WHAT IS REQUIRED — Transcribe all the lines below exactly. Omit the pictures.

Top of COLLECTED DATA

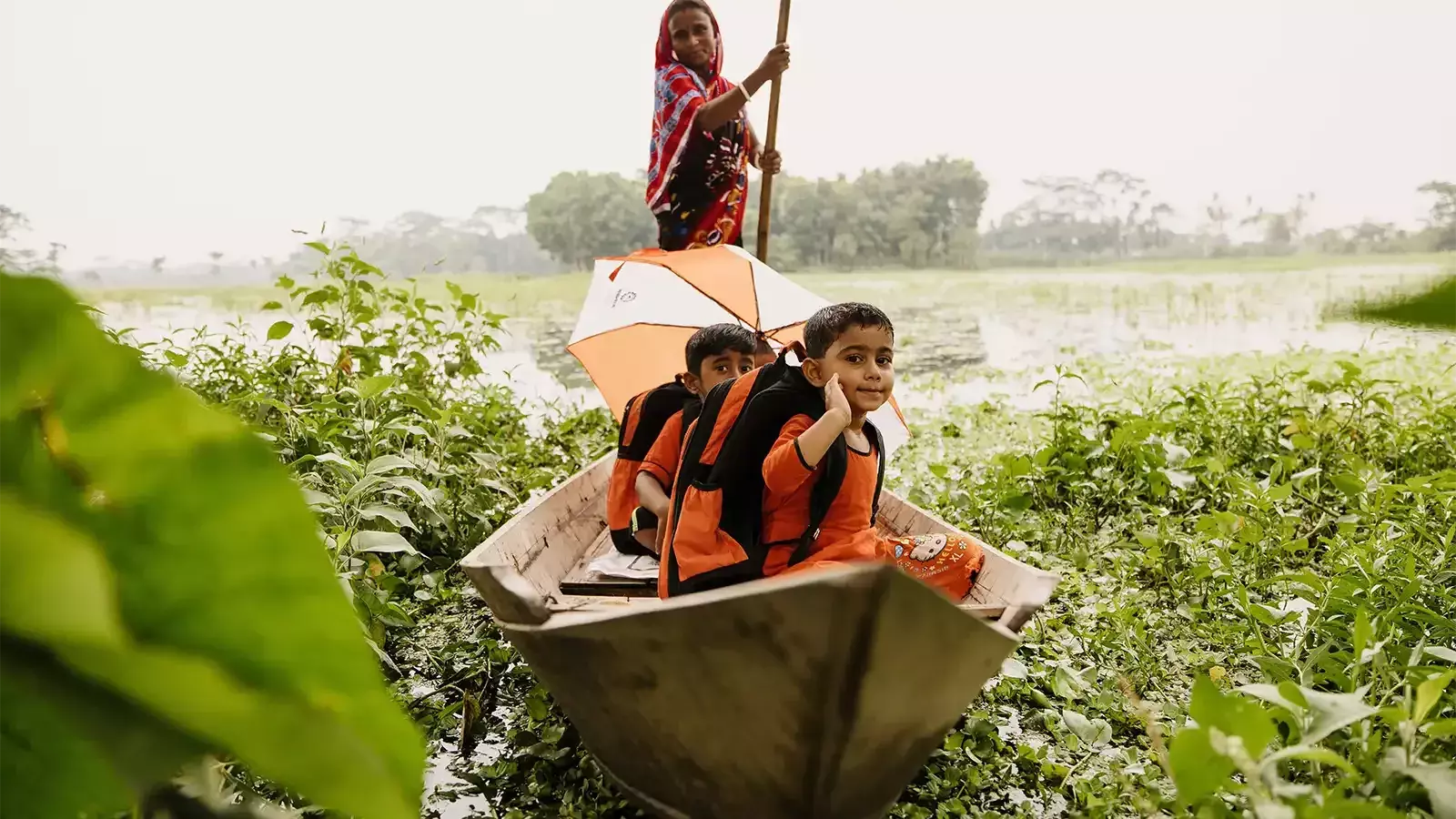 Children on a boat in Wazirpur Bangladesh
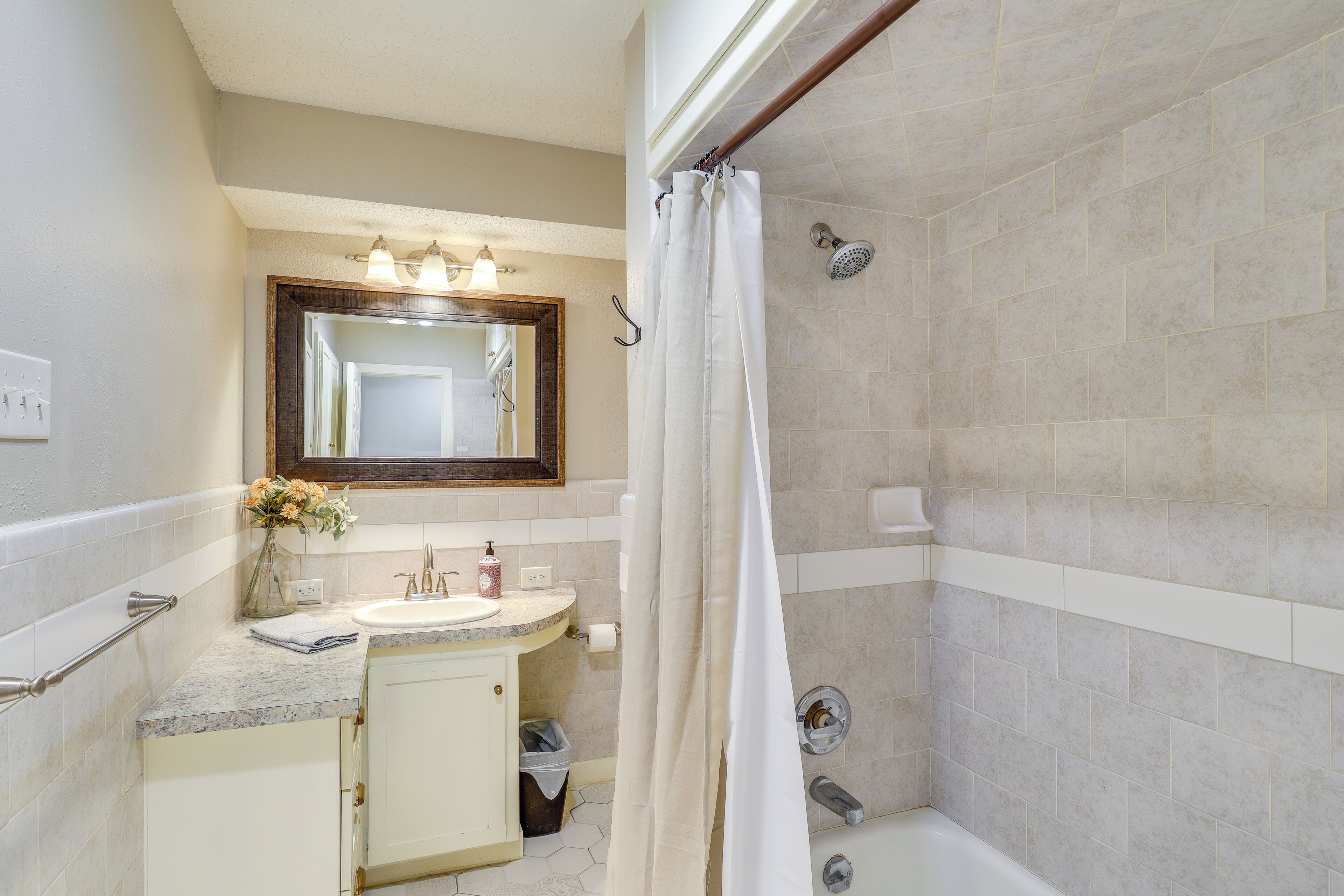 Un baño con ducha, lavabo y espejo.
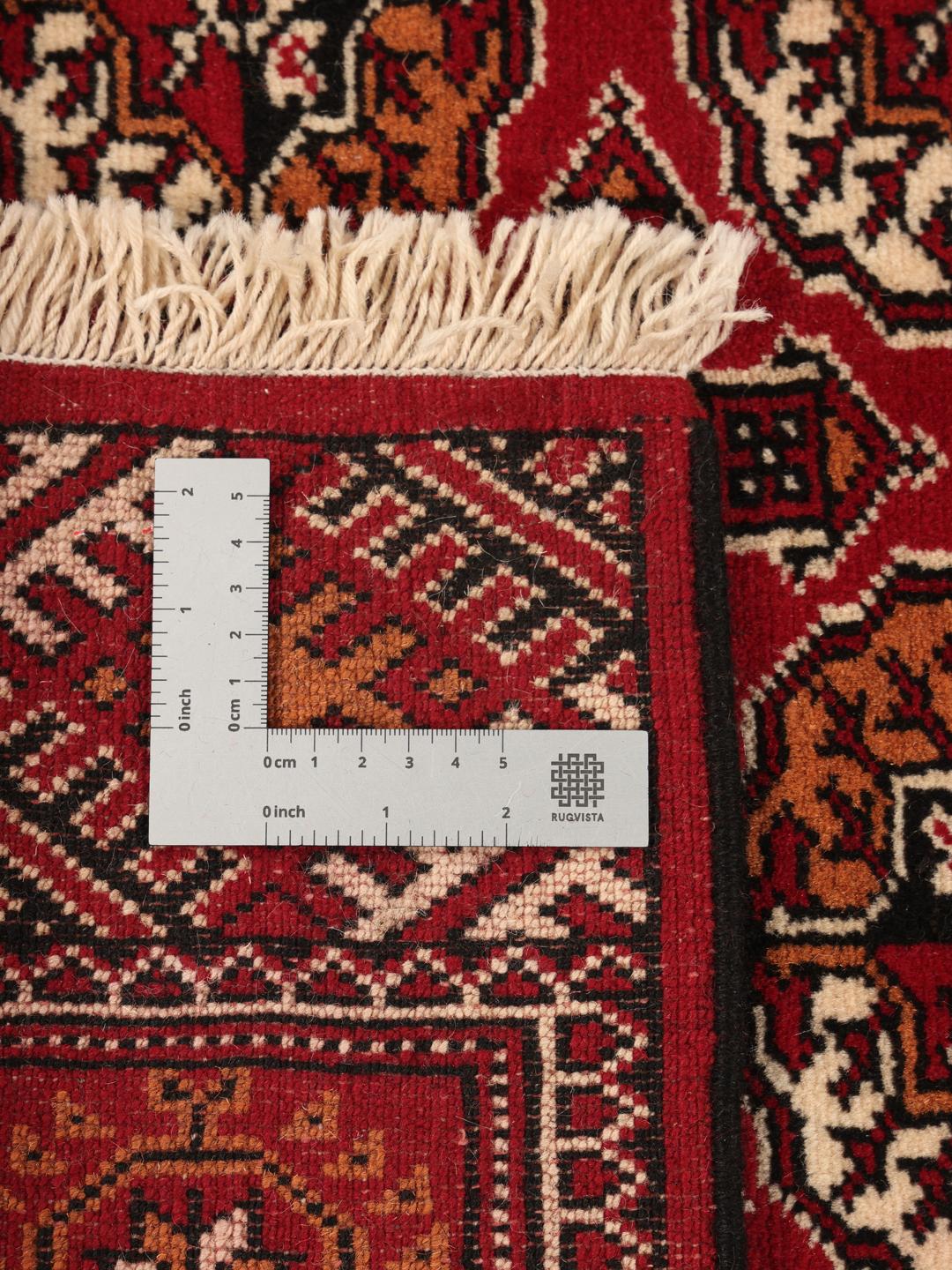 Hand-knotted red Turkaman runner with intricate geometric patterns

Bottom of COLLECTED DATA

EXERCISE RESPONSE —
 Children on a boat in Wazirpur Bangladesh
 Un baño con ducha, lavabo y espejo.
 Hand-knotted red Turkaman runner with intricate geometric patterns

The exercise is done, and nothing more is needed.